- [Data excerpt]:
# # # # # # #
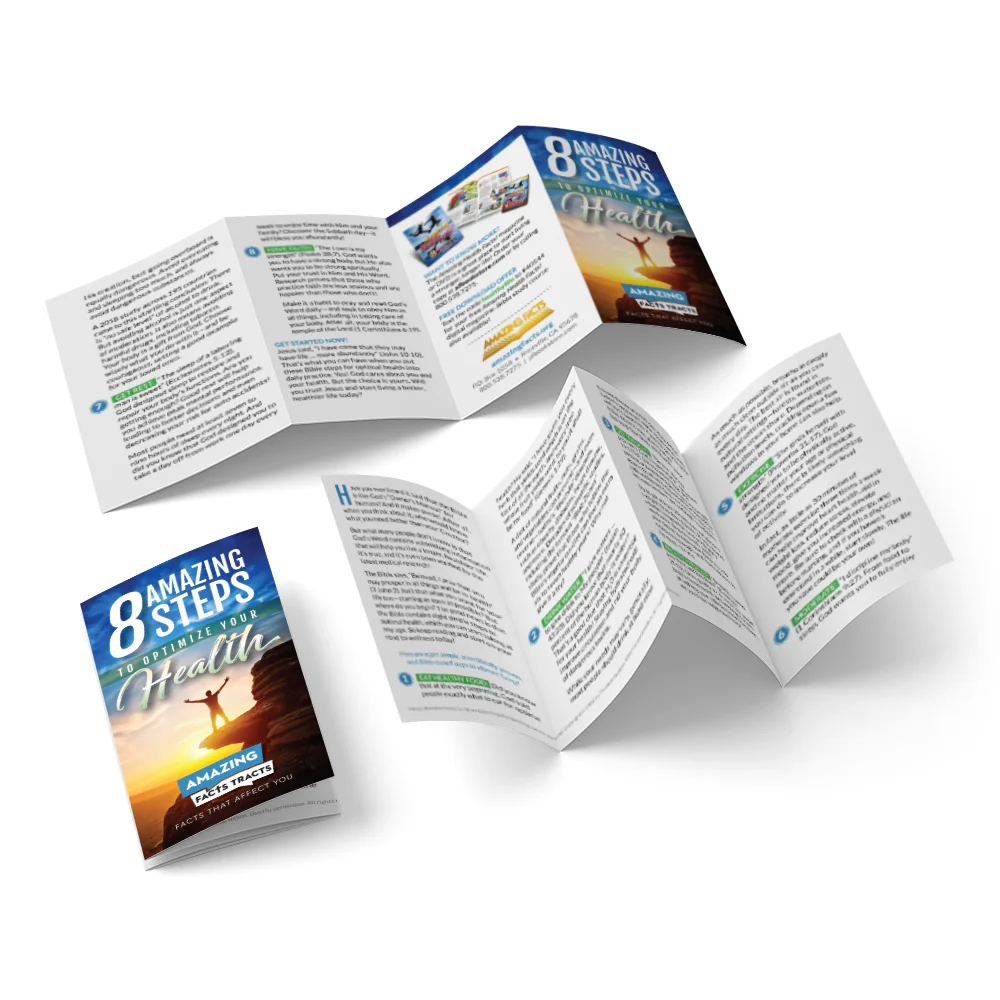 AFacts Tracts (100/pack): 8 Amazing Steps to Optimize Your Health by Amazing Facts - Image 2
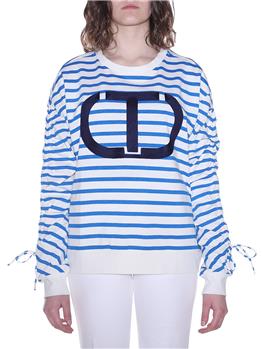 Felpa riga brilliant twinset RIGA BLUE OTTICO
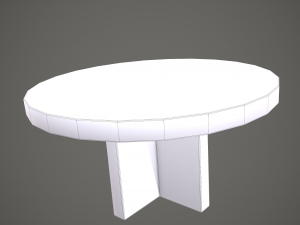 Medieval tavern round table 3D Model
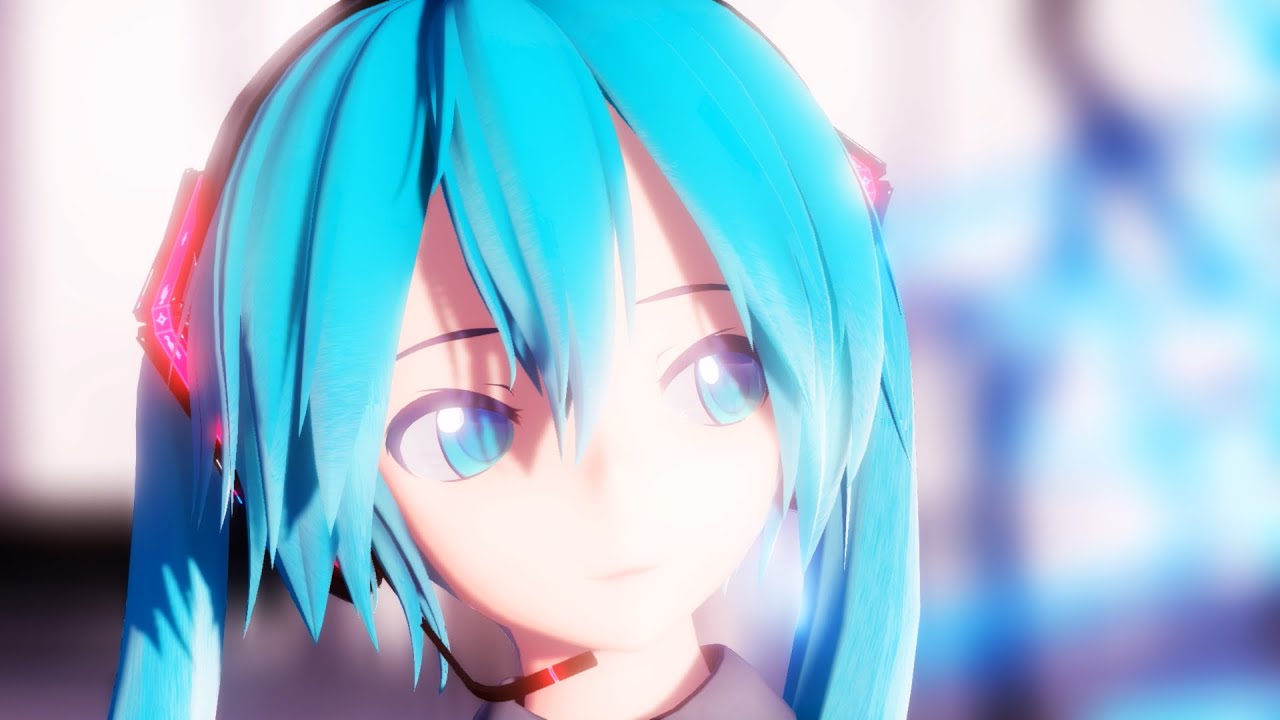 【Ray-MMD】glow / Miku Hatsune【初音ミク】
# # # # # # #
- [What needs to be done]: In your answer, give every line of the listing above exactly, and do not include the images.

- [Worked solution]:
 AFacts Tracts (100/pack): 8 Amazing Steps to Optimize Your Health by Amazing Facts - Image 2
 Felpa riga brilliant twinset RIGA BLUE OTTICO
 Medieval tavern round table 3D Model
 【Ray-MMD】glow / Miku Hatsune【初音ミク】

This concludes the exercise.